▶ _PROVIDED RECORDS_

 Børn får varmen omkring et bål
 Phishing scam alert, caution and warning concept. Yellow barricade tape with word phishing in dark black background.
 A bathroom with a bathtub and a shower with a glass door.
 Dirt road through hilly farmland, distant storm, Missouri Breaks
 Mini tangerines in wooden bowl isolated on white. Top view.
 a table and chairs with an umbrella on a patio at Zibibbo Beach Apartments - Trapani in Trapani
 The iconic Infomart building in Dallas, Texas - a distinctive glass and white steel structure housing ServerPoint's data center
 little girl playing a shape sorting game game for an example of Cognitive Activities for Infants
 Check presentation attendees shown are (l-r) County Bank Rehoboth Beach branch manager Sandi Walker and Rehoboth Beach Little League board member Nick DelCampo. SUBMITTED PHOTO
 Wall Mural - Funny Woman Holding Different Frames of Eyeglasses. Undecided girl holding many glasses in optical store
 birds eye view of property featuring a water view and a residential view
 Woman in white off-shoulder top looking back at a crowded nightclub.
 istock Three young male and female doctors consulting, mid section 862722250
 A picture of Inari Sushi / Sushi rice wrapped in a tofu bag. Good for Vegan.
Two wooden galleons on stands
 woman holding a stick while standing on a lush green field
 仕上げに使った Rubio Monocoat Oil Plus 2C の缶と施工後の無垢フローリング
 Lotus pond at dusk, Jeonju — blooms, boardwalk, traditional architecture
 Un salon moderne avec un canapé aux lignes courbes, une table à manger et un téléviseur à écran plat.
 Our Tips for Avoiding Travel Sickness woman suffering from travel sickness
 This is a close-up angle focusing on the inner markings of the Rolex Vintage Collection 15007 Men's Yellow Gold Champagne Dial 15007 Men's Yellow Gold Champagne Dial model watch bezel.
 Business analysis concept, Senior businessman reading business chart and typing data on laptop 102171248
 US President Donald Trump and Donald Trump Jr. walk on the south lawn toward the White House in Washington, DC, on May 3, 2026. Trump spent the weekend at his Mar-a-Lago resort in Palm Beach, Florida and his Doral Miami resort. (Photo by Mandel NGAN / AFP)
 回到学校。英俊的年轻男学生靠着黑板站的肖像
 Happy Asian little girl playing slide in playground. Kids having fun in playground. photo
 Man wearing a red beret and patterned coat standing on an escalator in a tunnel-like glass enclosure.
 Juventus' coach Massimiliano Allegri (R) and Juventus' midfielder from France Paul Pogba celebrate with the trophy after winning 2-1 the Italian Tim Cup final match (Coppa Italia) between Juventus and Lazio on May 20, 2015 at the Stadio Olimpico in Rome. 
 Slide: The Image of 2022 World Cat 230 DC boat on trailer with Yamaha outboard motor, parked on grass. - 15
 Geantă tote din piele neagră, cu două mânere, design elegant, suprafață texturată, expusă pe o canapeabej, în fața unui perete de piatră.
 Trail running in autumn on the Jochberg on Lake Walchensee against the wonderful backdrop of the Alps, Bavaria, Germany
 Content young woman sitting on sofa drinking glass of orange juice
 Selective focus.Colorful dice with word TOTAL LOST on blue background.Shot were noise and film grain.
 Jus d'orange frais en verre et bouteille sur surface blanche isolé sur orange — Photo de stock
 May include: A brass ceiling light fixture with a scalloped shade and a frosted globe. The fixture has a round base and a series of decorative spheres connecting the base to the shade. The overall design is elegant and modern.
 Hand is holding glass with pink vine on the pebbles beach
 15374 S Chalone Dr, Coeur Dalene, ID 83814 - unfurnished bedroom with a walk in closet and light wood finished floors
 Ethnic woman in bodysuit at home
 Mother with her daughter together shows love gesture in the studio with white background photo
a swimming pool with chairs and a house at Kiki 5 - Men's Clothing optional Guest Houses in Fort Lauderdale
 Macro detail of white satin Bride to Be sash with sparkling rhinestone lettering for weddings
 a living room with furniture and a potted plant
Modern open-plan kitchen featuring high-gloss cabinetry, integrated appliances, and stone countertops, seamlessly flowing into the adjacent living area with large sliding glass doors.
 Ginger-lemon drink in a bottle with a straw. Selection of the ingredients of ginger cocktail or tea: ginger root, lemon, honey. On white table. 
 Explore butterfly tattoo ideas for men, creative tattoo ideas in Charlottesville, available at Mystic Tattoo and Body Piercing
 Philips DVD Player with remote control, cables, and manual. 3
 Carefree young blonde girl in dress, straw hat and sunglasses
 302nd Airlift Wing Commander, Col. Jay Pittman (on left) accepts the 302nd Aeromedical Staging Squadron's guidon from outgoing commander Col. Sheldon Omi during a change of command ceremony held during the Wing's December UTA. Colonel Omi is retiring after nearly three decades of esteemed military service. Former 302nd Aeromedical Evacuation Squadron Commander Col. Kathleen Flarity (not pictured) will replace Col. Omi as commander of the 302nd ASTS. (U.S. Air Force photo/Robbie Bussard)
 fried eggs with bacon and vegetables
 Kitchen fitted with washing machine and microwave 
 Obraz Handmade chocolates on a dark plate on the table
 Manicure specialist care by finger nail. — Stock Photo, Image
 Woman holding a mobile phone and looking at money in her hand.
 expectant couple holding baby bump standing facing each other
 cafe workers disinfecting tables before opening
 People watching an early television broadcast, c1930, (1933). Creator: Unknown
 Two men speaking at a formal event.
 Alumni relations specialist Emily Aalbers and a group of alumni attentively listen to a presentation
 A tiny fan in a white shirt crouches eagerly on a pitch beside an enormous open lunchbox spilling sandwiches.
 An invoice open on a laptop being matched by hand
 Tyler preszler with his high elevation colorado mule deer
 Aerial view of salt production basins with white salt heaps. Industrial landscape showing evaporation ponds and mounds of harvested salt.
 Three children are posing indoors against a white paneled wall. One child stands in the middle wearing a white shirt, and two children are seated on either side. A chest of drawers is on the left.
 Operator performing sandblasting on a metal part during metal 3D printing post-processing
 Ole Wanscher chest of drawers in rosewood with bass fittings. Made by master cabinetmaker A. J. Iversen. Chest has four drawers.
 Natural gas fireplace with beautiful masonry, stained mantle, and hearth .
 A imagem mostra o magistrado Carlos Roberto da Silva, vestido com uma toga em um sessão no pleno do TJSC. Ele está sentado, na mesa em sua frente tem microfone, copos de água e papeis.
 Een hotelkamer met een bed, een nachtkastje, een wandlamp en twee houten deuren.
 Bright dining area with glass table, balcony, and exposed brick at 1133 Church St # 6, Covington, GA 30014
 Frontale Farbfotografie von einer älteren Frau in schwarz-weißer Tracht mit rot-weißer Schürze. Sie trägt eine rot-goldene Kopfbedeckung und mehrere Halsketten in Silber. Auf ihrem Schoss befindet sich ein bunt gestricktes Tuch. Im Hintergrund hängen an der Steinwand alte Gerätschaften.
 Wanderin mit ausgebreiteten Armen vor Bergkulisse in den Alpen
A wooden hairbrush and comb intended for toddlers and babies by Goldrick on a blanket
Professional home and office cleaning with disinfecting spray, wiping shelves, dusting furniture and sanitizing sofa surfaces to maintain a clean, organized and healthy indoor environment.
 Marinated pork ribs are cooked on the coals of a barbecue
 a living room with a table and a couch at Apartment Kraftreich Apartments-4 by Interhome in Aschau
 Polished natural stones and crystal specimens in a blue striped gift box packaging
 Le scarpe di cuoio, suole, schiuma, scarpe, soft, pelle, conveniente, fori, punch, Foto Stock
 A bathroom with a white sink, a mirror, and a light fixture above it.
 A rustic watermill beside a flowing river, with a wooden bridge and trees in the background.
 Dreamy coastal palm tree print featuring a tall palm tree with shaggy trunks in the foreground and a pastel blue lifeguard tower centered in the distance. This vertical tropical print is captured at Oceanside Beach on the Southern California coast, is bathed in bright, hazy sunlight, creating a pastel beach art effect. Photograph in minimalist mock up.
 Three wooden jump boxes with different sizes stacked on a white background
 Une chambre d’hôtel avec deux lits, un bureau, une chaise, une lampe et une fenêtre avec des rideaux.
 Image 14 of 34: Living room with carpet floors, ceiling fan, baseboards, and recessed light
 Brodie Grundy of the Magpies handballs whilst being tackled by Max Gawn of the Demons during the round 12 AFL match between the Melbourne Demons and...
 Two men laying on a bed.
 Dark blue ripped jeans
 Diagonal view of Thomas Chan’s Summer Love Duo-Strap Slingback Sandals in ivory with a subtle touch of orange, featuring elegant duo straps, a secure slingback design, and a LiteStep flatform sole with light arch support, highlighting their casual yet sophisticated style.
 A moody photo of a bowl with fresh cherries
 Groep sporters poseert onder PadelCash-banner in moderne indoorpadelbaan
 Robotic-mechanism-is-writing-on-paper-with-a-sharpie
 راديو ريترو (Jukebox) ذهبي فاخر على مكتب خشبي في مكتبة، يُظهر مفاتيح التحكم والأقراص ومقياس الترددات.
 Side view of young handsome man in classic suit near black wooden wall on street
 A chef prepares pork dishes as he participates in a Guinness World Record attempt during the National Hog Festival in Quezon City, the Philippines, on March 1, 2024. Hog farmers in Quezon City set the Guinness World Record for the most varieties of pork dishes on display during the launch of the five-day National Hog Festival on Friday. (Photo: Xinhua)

▶ _ASSIGNMENT_
Take the line above containing "Phishing scam alert, caution", the line containing "Mini tangerines in", and all lines in between, and copy them exactly without anything else.

▶ _SOLUTION TO THIS PROBLEM_
 Phishing scam alert, caution and warning concept. Yellow barricade tape with word phishing in dark black background.
 A bathroom with a bathtub and a shower with a glass door.
 Dirt road through hilly farmland, distant storm, Missouri Breaks
 Mini tangerines in wooden bowl isolated on white. Top view.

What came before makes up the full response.